Linn County tornado an EF-4 under new scale

Friday, April 27, 2007
Linn County residents help a neighbor salvage some of his belongings after an EF-4 tornado -- with winds up to 200 m.p.h. -- struck and leveled his home. Despite heavy damage to several farms, homes and outbuildings, nobody in the area where the tornado came through was killed or seriously hurt. Kansas is among the states included in 'Tornado Alley,' a region that runs up from the Gulf of Mexico, where tornadoes most frequently occurs. Tribune photo/Michael Glover

National Weather Service meteorologists rated a tornado that struck Linn County in February as a "devastating" twister that packed winds up to 200 miles per hour.

Andy Bailey, a NWS meteorologist working from the Pleasant Hill, Mo., office, classified the tornado as an EF-4 on the Enhanced Fujita Scale. An EF-4 can level homes, toss vehicles and turn debris into deadly missiles.

The highest rating is an EF-5, which produces winds reaching 319 mph. That's enough to lift frame houses and small buildings off of their foundations, throw car-sized debris more than 100 yards and strip bark off trees.

The new Enhanced Fujita Scale is a recent upgrade to the original Fujita Scale created in the 1970s to determine the intensity of twisters.

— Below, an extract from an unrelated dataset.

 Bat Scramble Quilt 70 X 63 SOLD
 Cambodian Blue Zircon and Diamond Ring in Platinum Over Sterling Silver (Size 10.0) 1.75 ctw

But on Feb. 1, NWS switched to the enhanced scale. The newer version more accurately measures wind speed based on more "damage indicators" like structures ranging from a small barn to a large shopping mall and the "degrees of damage" associated with those structures. The estimated wind speed then determines the EF-Scale category.

Around 7 p.m. Feb. 28, the tornado touched down in western Linn County and traveled nearly the entire length of the county and into Bates County, Mo., Bailey said. It traveled south of Centerville and north of Blue Mound and Pleasanton.

While on the ground, it leveled a house owned by Dave Matthes, who was tucked in a corner of the basement as the tornado lifted the entire house off its foundation. He escaped without injuries.The storm also damaged a shed and two barns on Matthes' farm.

"Everyone who was involved in this is lucky to be alive," Bailey said. "This was a very powerful tornado."

After traveling east from his residence, the tornado took out a shed and damaged other structures at a metal recycling business about one-quarter mile from Matthes' residence.

The tornado also completely decimated a power substation, cutting power to many rural and city residents in the county.

Bailey said despite the damage, the tornado's life on the ground was mostly on open prairie and farmland. He said bigger twisters usually stay on the ground longer than smaller tornados.

"If this tornado would've hit, say, downtown Kansas City, it would've been on CNN," Bailey said. "It would've been really destructive."

An EF-0 ranges from 32-73 m.p.h., and EF-1 is 50-113 m.p.h., EF-2 is 70-158 m.p.h., EF-3 is 92-207 m.p.h., EF-4 is 116-261 m.p.h., and EF-5 is 142-319 m.p.h.